If you have some humble pie for me, I’m going to eat it, because I like pie. I mean if your are consistently making money, why are you not a millionaire by the end of a year of trading? So, when you talk about the slow, consistent trader who makes $100 on his account every year, he has got to be crazy, because if he was that consistent, he would increase his leverage and put more money in his account. Unless, he sucks at trading and can’t risk losing that kind of money and that $100 was just a lucky trade that put him over on Dec 31, and lost it the next month.
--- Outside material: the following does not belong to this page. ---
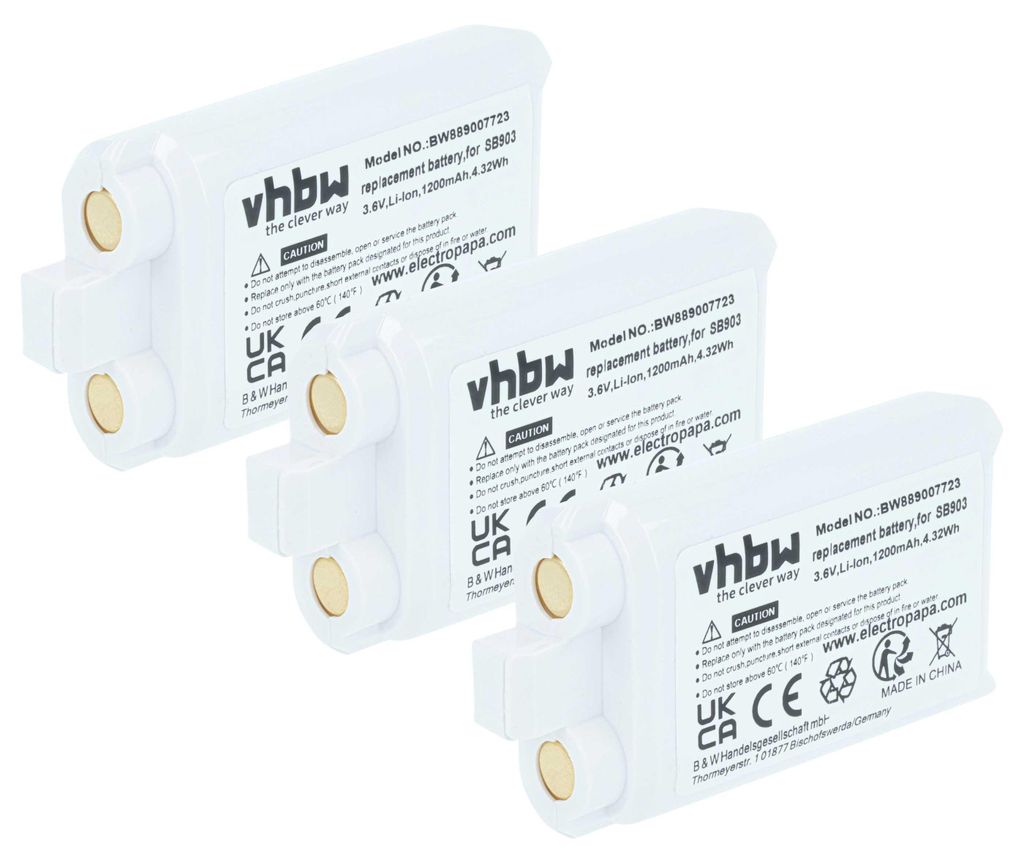vhbw 3x Akku kompatibel mit Shure SLXD1, SLXD3, SLXD2, Produktbild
LOL…it is funny you say that, reminds me a bit of all those automated trading systems that work for some time. But to be fair, there are some good books out there that can be helpful (part of the chapters) not to mention, the main TA books that are part of the syllabus for the CMT program Magee, Murphy and Pring are truly informative and useful for newbies in the TA world. I do agree that trading is something else, and books are not enough.

If you really want to make money, you should trade equities and stocks… See the 4,000-pip move in twelve weeks on GBP/NZD? Crazy… For a stock, that is normal… You would be better off leaving Forex …how many Forex millionaires can anybody name?

i like Fibonacci, Fibonacci retracement is a very popular tool among technical traders and is based on the key numbers identified by mathematician Leonardo Fibonacci in the thirteenth century.
i think Fibonacci is a pretty good indicator, of course adding and merging other with it

[QUOTE=“oceanmen;712698”] LOL…it is funny you say that, reminds me a bit of all those automated trading systems that work for some time. [/QUOTE]

If it’s a free trading system or one that is being marketed, 99% sure it does not work.